The scene was from shortly after his initial implantation. His twin recollections struggled with the recreation. Human memory alters over time; that held in the storage crystals was absolute. There was a jagged line between them. The audience flickered, faces and clothing changed. Further irregularity was introduced by the mixing of his and Honour's memories. Shared e-membering in a full virtual environment was always an odd experience, but the melding of organic perceptions revealed just how subjective the world was. This shared environment led to a sensation of bilocation as his and Honour's individual memories ran into one another; Otto's twinned set – machine and meat – to Honour's native memory. They ran ever closer together, his brain checking its own recollections against those of Honour and his mentaug, green OK lights flickering through his iHUD.

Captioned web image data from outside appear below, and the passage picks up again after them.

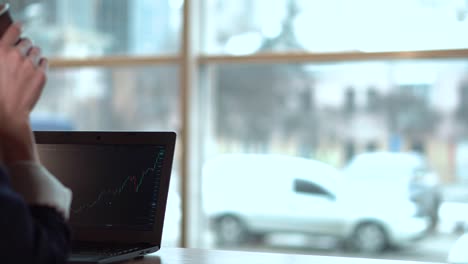 Brunette-girl-drinks-coffee-and-watches-the-exchange-chart-on-the-laptop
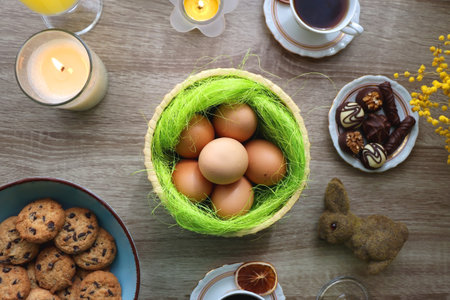 Easter eggs in the basket, bowl of cookies, chocolate pralines, Easter bunny figurine, cups of tea, glasses of juice, flowers and lit candles on the table. Top view.の写真素材
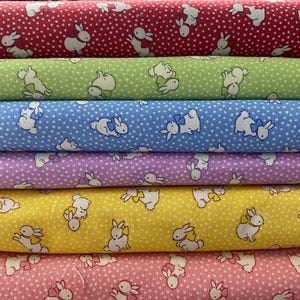 May include: Six different fabric swatches with a repeating pattern of white bunnies with pink bows on a background of white polka dots. The fabrics are in the following order from top to bottom: red, green, blue, purple, yellow, and pink.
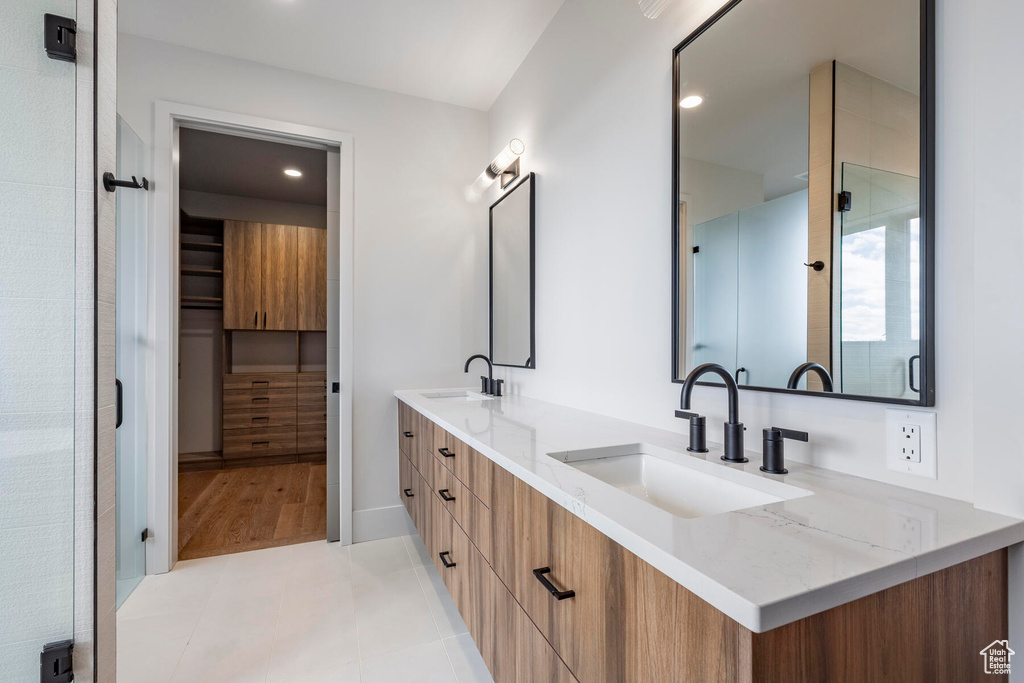 Bathroom featuring wood-type flooring and double vanity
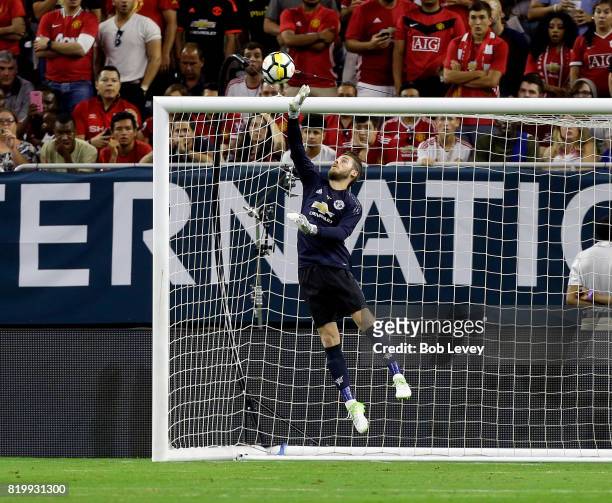 Manchester United goalkeeper David De Gea makes a save against Manchester City in the first half at NRG Stadium on July 20, 2017 in Houston, Texas.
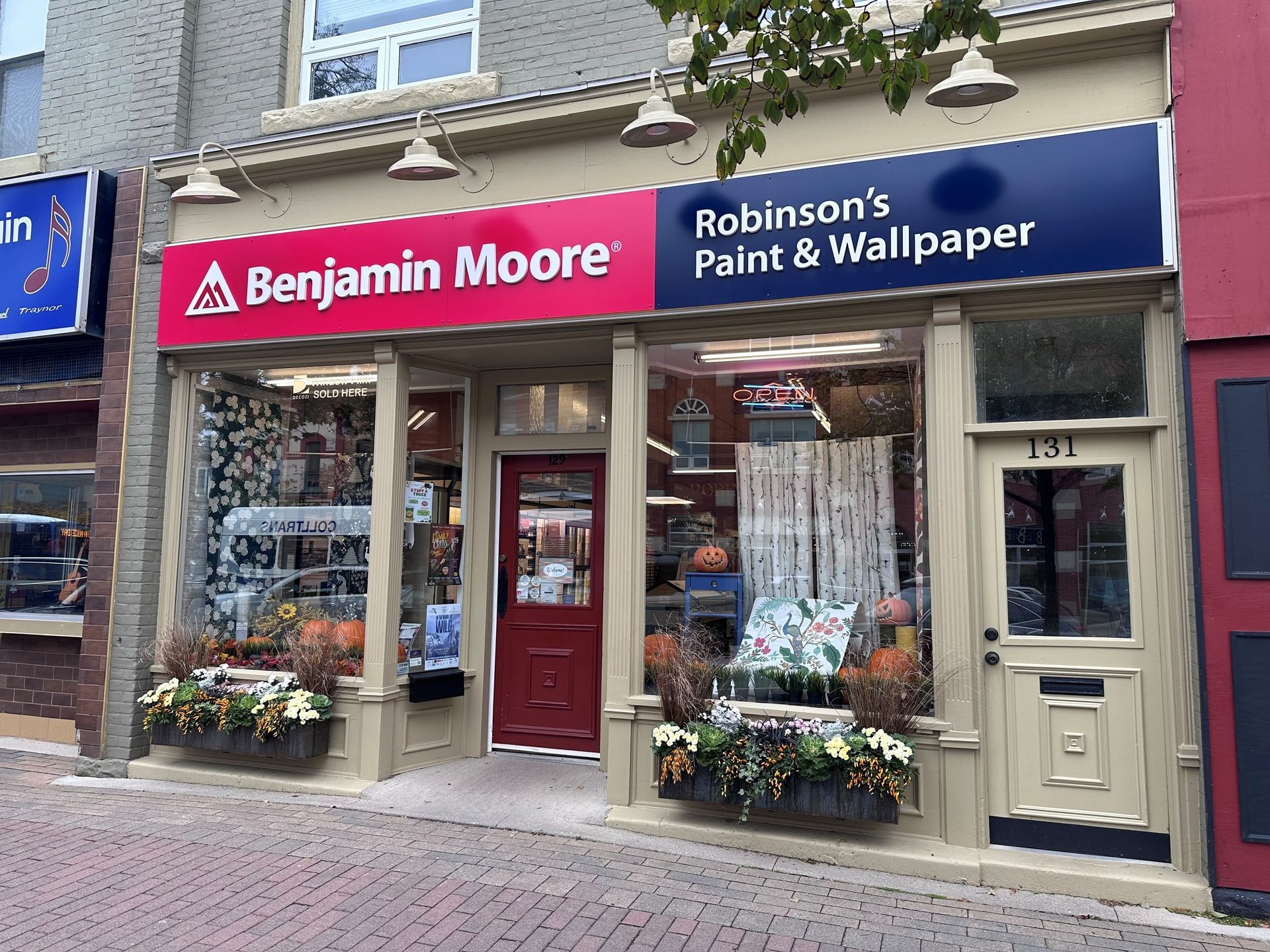 The storefront of Robinson's Paint & Wallpaper, a Benjamin Moore retailer, with brick-patterned sidewalk in foreground.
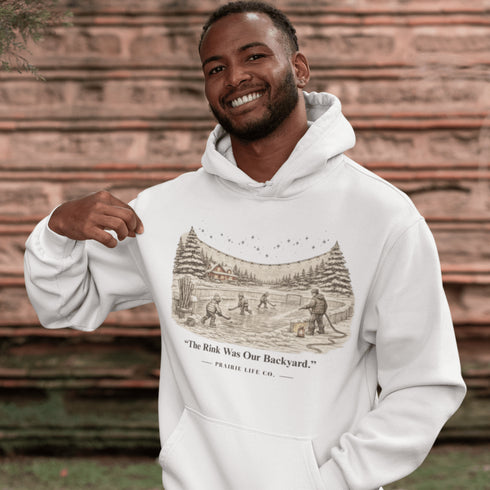 The Rink Was Our Backyard Hoodie – nostalgic outdoor hockey sweatshirt inspired by backyard rink memories. Unisex fit. Multiple colors available.
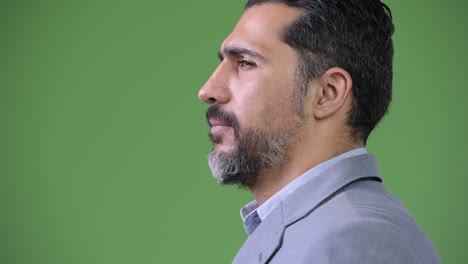 profile view of handsome persian bearded businessman smiling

"Oh Little Town of Bethlehem" finished with a fanfare. Honour's face was glowing in the candlelight. Otto felt his chest tighten. This moment was something no one else had, and that is why they had come back. No additional data was available to fill out the memory; soulcap and mentaug tech wasn't in wide usage then, and certainly no one beyond Otto in the cave had had any data capture device more sophisticated than a phone.
They needed a raw situation like this to know if it were the machine in Honour's head or Honour herself that ailed. Together their mentaugs rebuilt the scene totally; the present was out of reach. At the back of his head, Otto felt the machines checking over each other and their human hosts in concert, using their shared experience as a point of calibration.